Jack Rabinovitch, the "beloved businessman who created the Scotiabank Giller Prize, an award that boosted the profiles and sales of countless Canadian fiction authors" and honored his late wife, died August 6, CBC News reported. He was 87. Although Rabinovitch "tackled several careers throughout his life, including journalism, food retail and real estate... it was the Giller Prize that made him a recognizable face across Canada and around the world."
The idea for the award was conceived over drinks with renowned author Mordecai Richler. "It started at a pub in Montreal called Woody's and ended up at a famous restaurant in Montreal called Moishes, and over chopped liver we decided what to do," Rabinovitch said in 2012.

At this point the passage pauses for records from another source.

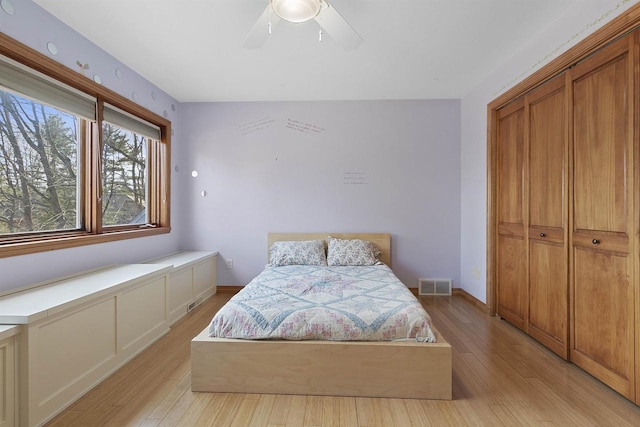 1229 Riverwood Ln, Sobieski, WI 02413 - bedroom with light wood-style floors, a closet, and ceiling fan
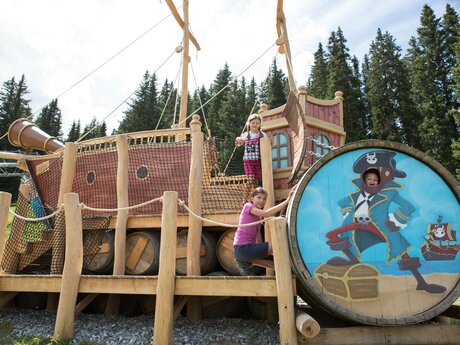 Zwei Kinder klettern auf ein großes hölzernes Piratenschiff am Piratenweg in Serfaus-Fiss-Ladis, ein weiteres Kind schaut lachend durch ein Fotofenster mit Piratenmotiv | © Serfaus-Fiss-Ladis Marketing GmbH | Andreas Kirschner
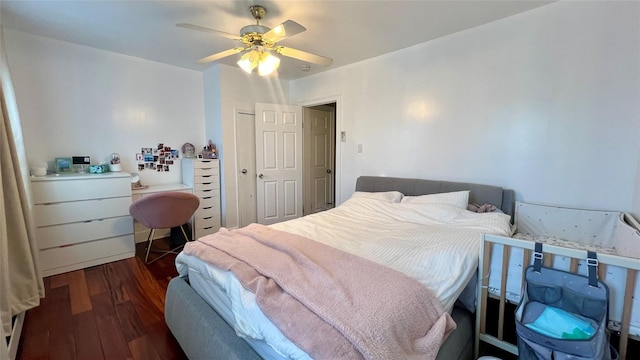 bedroom featuring ceiling fan and dark hardwood / wood-style flooring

The prize was established in 1994, a year after the death of Rabinovitch's wife, literary journalist Doris Giller, to honor her as well as recognize excellence in Canadian fiction. Initially endowed a cash prize of CA$25,000 (about US$19,715), the Giller Prize partnered with Scotiabank in 2005 and the winner's share grew to $40,000 ($31,545), and in 2014 it increased again to $100,000 ($78,870).
"We learned a long time ago that authors are really interested in selling their books, that's how they make a living, so that's what we're trying to do--is help them make a living," said Rabinovitch, whose signature line at every Giller gala was: "For the price of a dinner in this town, you can buy all the nominated books. So, eat at home and buy the books."